Newsom’s position, however, is about to radically change.
Taking over the country’s biggest state — the massive home not only to the Donald Trump resistance, but to a liberal, diverse populace that many Democrats believe represents the country’s future — Newsom is extremely likely to suddenly become one of the most prominent Trump antagonists on Earth. He will govern a territory that’s been locked in a legal and political war with the president for two years now, a state that sometimes acts like it’s own parallel nation. He will be handed a potent kingmaker role as Democrats search for their next presidential nominee. At the same time, since he isn’t planning to run in a 2020 race that will drag many of his party’s leading lights into the political muck, he will be able to define himself — with the help of his new platform — as one of the left’s most aggressive and highest-profile experimenters and implementers. He’ll be the one progressives hope to see trying trying to bring single-payer health care to a population of 40 million instead of waging hand-to-hand combat against dozens of rivals in a crowded field of presidential aspirants.
Which is all to say that Newsom — who’s never been shy about his political ambitions, even musing about the presidency early in his career — has a chance to claim a uniquely influential role near the top of the Democratic Party over the final two years of Trump’s first term. But rather than a leadership position on Capitol Hill, his part might instead look more like the leader of a powerful, progressive external adversary to the White House — a semi-foreign head of state floating conveniently outside the daily D.C. mess.
To get to that place though, Newsom will need to convince the restive, authenticity-demanding Democratic base to listen to a guy who’s jumped in and out of headlines for nearly two decades now, who looks more like a politician than any actor who’s ever played one in a movie. A guy who also got his late-’90s start in politics as a centrist. And he’ll need to finesse that profile while navigating an extremely thorny governing challenge in a huge state facing a looming economic downturn and homelessness crisis — as well as addressing serious questions about how he plans to implement some of his more ambitious proposals, including a state-wide single-payer system.
“California has an outsized importance in the debate because California is big enough, and important enough, to write a counternarrative,” said David Axelrod, the Democratic strategist and former adviser to Barack Obama. “If you’re the guy writing the counternarrative, and you choose to be, you could be a major figure in the national debate. And, needless to say, it’s not bad politics in California to play that role.”

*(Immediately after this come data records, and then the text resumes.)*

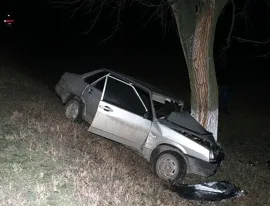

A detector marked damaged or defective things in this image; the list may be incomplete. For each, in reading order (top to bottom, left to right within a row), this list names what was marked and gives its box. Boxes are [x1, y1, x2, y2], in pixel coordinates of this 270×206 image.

detached car door [88, 75, 152, 149]
crashed silver car [55, 69, 224, 183]
damaged hood [160, 112, 215, 144] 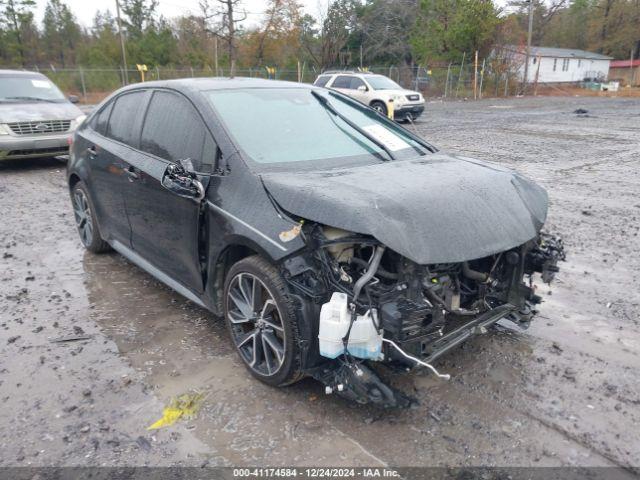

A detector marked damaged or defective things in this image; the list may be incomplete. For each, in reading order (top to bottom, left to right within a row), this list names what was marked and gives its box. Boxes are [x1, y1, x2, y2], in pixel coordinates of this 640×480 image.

crumpled hood [0, 101, 82, 123]
broken side mirror [161, 160, 204, 200]
crumpled hood [262, 154, 548, 264]
damaged front end [282, 224, 564, 404] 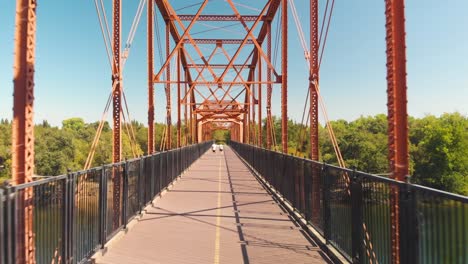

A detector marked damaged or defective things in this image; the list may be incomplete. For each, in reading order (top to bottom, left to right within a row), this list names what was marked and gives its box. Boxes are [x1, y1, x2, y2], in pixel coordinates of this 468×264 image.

rusty steel beam [11, 0, 36, 262]
rusty steel beam [386, 0, 408, 262] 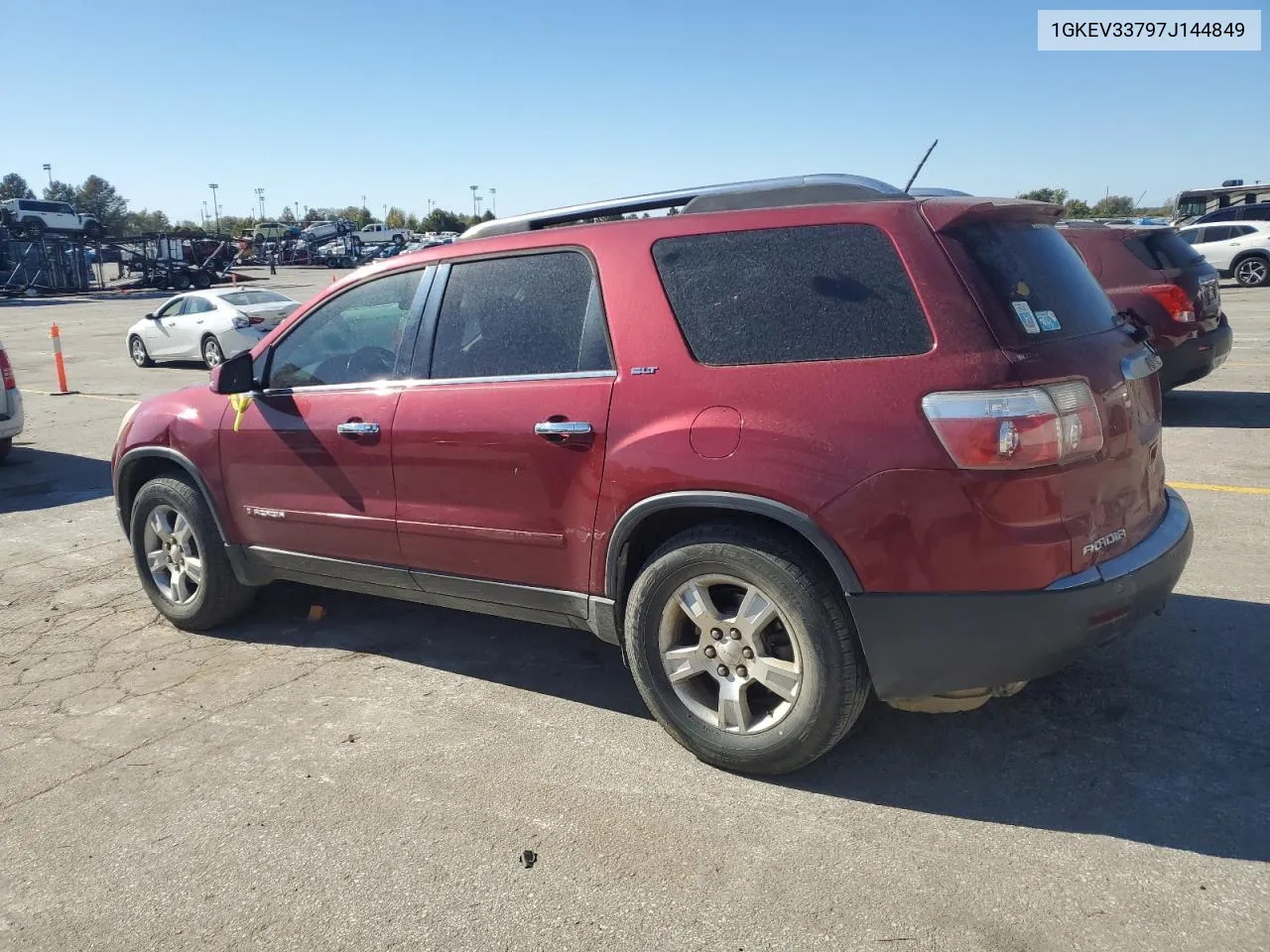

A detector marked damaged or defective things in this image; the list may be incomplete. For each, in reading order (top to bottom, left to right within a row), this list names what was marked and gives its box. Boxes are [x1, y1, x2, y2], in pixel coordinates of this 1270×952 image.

cracked concrete pavement [0, 270, 1264, 952] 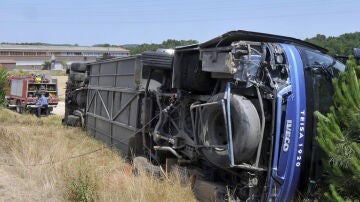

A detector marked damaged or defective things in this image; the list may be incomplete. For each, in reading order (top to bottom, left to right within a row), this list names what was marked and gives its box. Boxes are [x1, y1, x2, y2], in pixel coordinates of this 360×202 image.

overturned truck [63, 30, 344, 200] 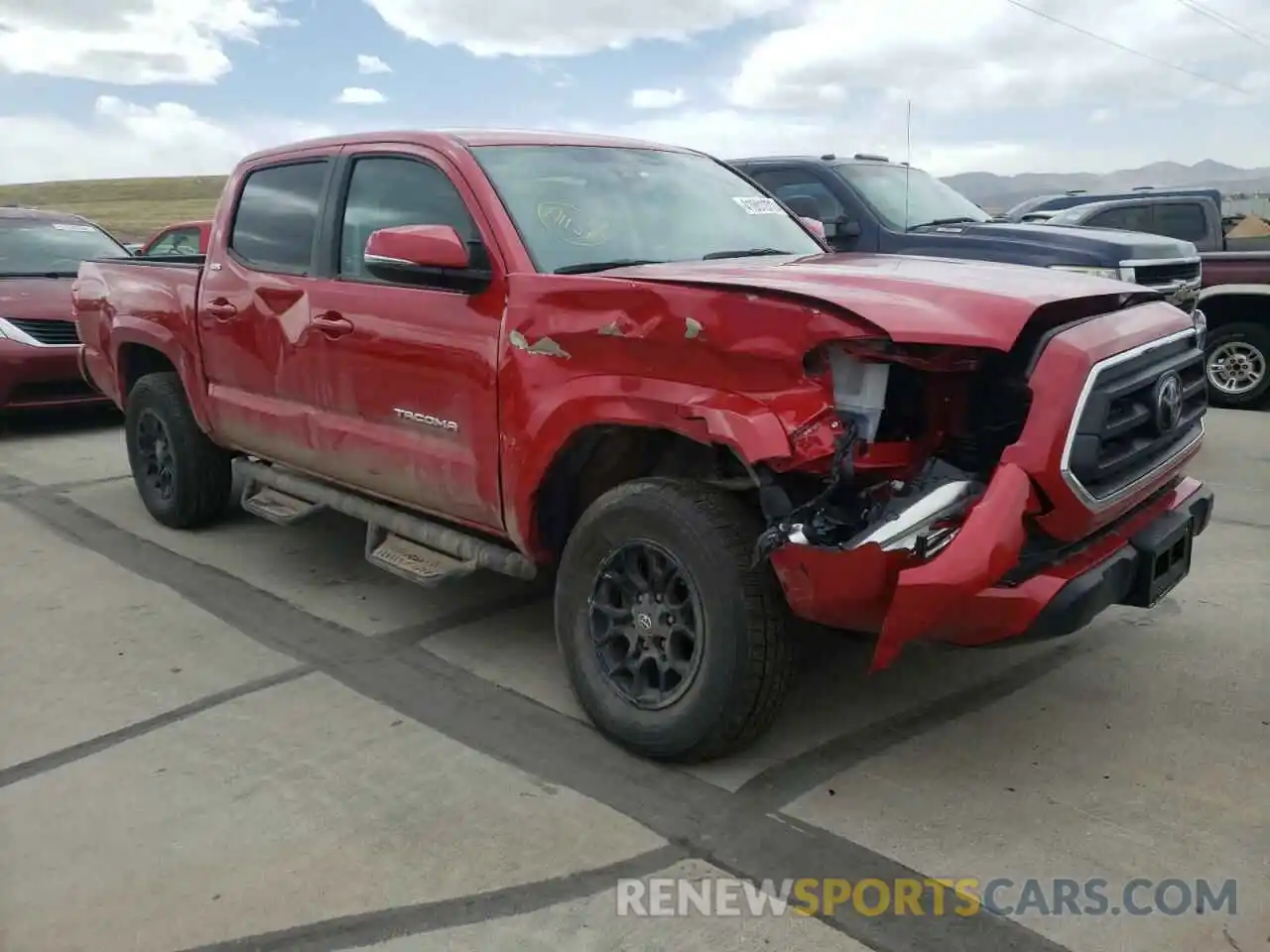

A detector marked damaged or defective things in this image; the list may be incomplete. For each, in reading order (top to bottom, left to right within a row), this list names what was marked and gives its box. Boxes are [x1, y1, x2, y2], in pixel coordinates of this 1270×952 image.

damaged red truck [74, 130, 1214, 762]
crumpled fender [877, 460, 1040, 670]
crushed front bumper [770, 466, 1214, 674] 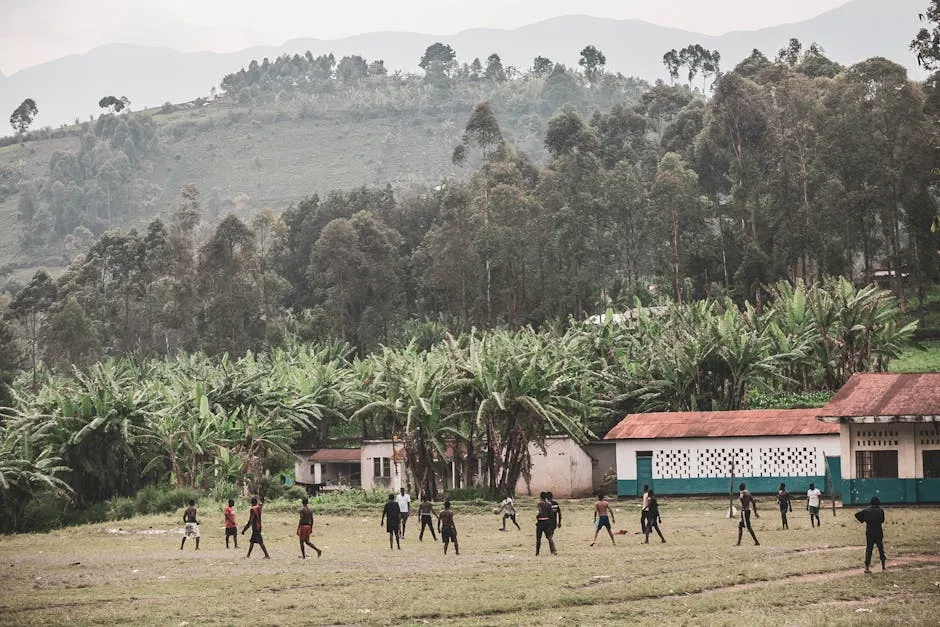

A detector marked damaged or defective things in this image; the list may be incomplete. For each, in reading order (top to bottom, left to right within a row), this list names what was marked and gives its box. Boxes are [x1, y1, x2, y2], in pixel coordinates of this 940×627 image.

rusty corrugated roof [820, 376, 940, 420]
rusty corrugated roof [604, 408, 836, 442]
rusty corrugated roof [312, 448, 364, 464] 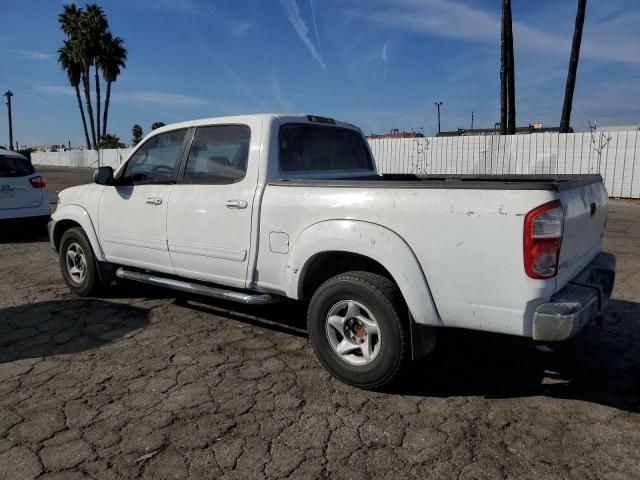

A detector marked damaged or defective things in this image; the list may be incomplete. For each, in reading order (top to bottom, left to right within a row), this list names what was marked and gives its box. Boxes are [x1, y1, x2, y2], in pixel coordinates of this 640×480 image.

cracked asphalt [1, 167, 640, 478]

If Newsom, 51, does step up to the opportunity, it would likely be the culmination of a methodical but uneven climb up the ladder for a man who Newsweek named, after his election as mayor in 2003, one of five stars of the party, along with Obama, then a state senator.
It’s an opportunity he’s had a lot of time to think about. And when he talks about the state of the country, it sure sounds like he’s planning — or hoping— to use his tenure to try to create a model of leadership for progressives elsewhere.
“You have your formal role, and you use your moral authority,” he said.
Newsom’s been an expert in using his platform for that kind of projection in the past. He first achieved national prominence in 2004 when, as mayor, he began issuing marriage licenses to same-sex couples even when his party, and state law, opposed the move. Now, “I do feel a deep responsibility in this moment. I’m not satisfied with my own party, I’m not satisfied with our alternative vision,” he told me. “I don’t know what it is. I haven’t heard it clearly enunciated. I know what we’re up against, and understandably that’s the framework that’s there — the narrative, the Zeitgeist — and we’re certainly unified in that. We meet the moment, and I think that will provide a framework for success through November 6.” (Newsom leads his Republican opponent, businessman John Cox, by double digits in public polling; the primary was widely seen as the real contest.)
“But beyond that, I’m concerned,” he continued, underscoring his state’s potential influence in the national conversation moving forward. “As California, we truly are a nation-state, with a population larger than 163 nations.”
It helps Newsom’s case that the Trump administration agrees with that assessment. The most prominent manifestation of the clash between Washington and Sacramento is the Jeff Sessions Justice Department’s lawsuit over California’s protections for undocumented immigrants, but the fight has gone both ways: the state has filed at least 44 suits against Trump’s government, covering environmental, immigration, and health policy. The constant back-and-forth has empowered local pols to seriously burnish their national profiles — at least half a dozen Californians, led by Senator Kamala Harris and Los Angeles mayor Eric Garcetti, are now considering potential runs for president. Three others — House Minority Leader Nancy Pelosi and Representatives Maxine Waters and Adam Schiff — are among the national GOP’s biggest enemies, if campaign ads and presidential tweets are a reliable gauge.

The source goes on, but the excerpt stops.